DATA FOR PROCESSING —
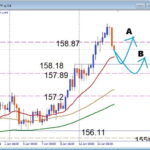 見逃すと損する、USDJPY 注目サポートで仕掛ける押し目買いデイトレード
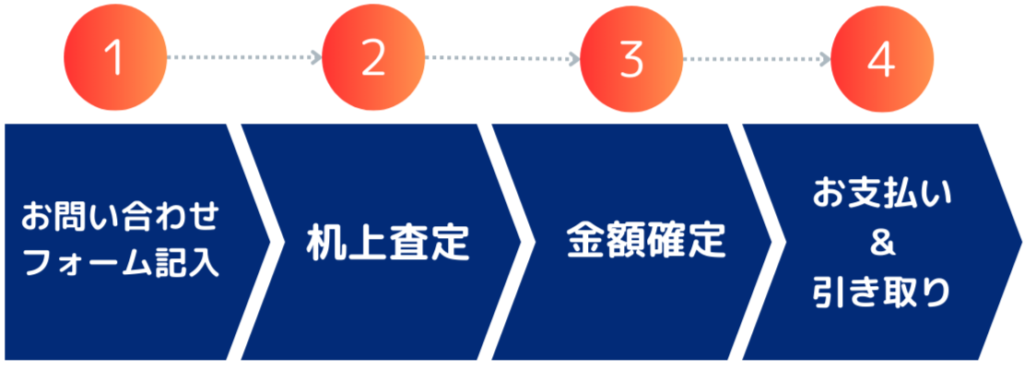 改造車買取の査定からお支払いまでの流れ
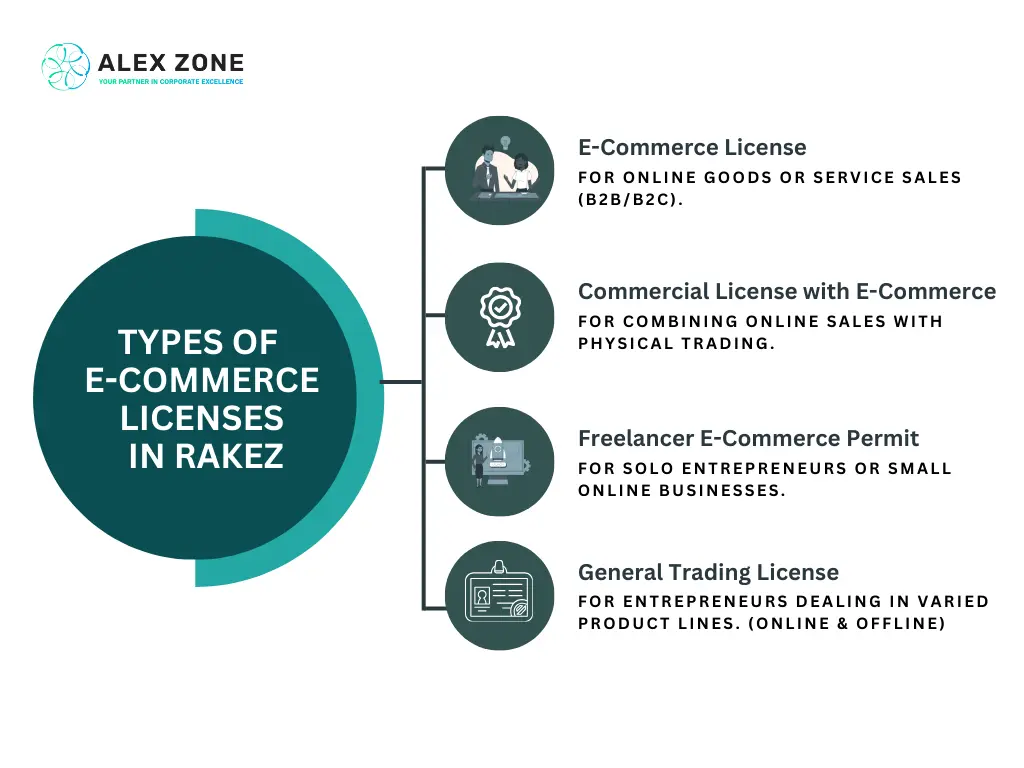 E-Commerce Licenses Ras al khaimah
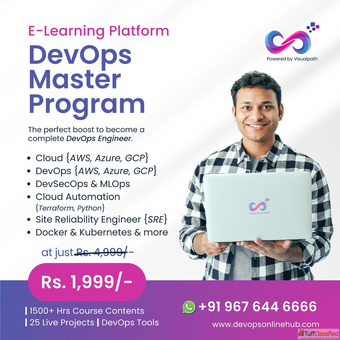 Best Online Learning Platforms in India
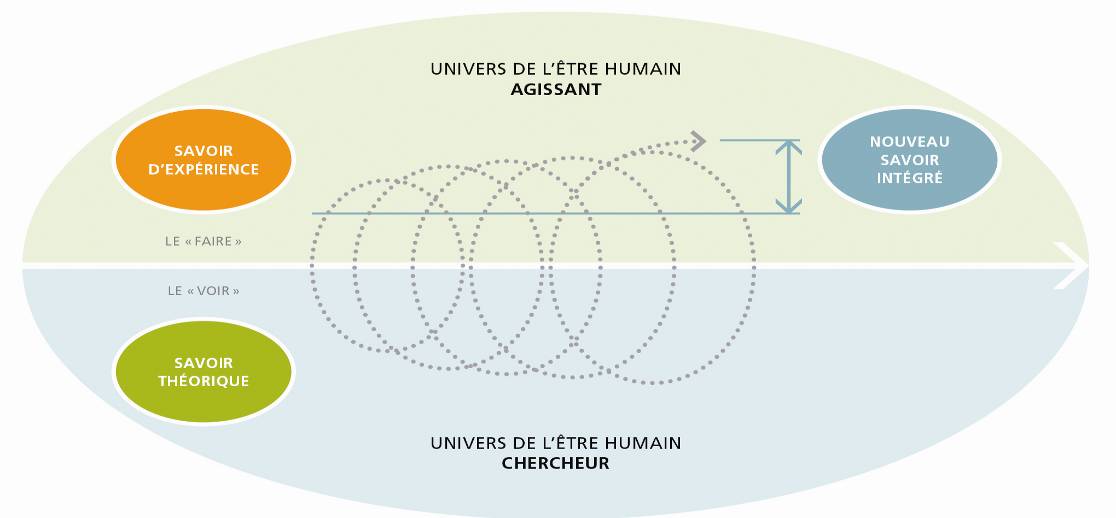 Le mode de transfert en spirale (figure 2) va un peu plus loin en intégrant le savoir expérientiel des utilisateurs, qui deviennent alors des coproducteurs de la connaissance.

PROBLEM DESCRIPTION —
The data is to be restated word for word, with any pictures set aside.

EXERCISE RESPONSE —
 見逃すと損する、USDJPY 注目サポートで仕掛ける押し目買いデイトレード
 改造車買取の査定からお支払いまでの流れ
 E-Commerce Licenses Ras al khaimah
 Best Online Learning Platforms in India
 Le mode de transfert en spirale (figure 2) va un peu plus loin en intégrant le savoir expérientiel des utilisateurs, qui deviennent alors des coproducteurs de la connaissance.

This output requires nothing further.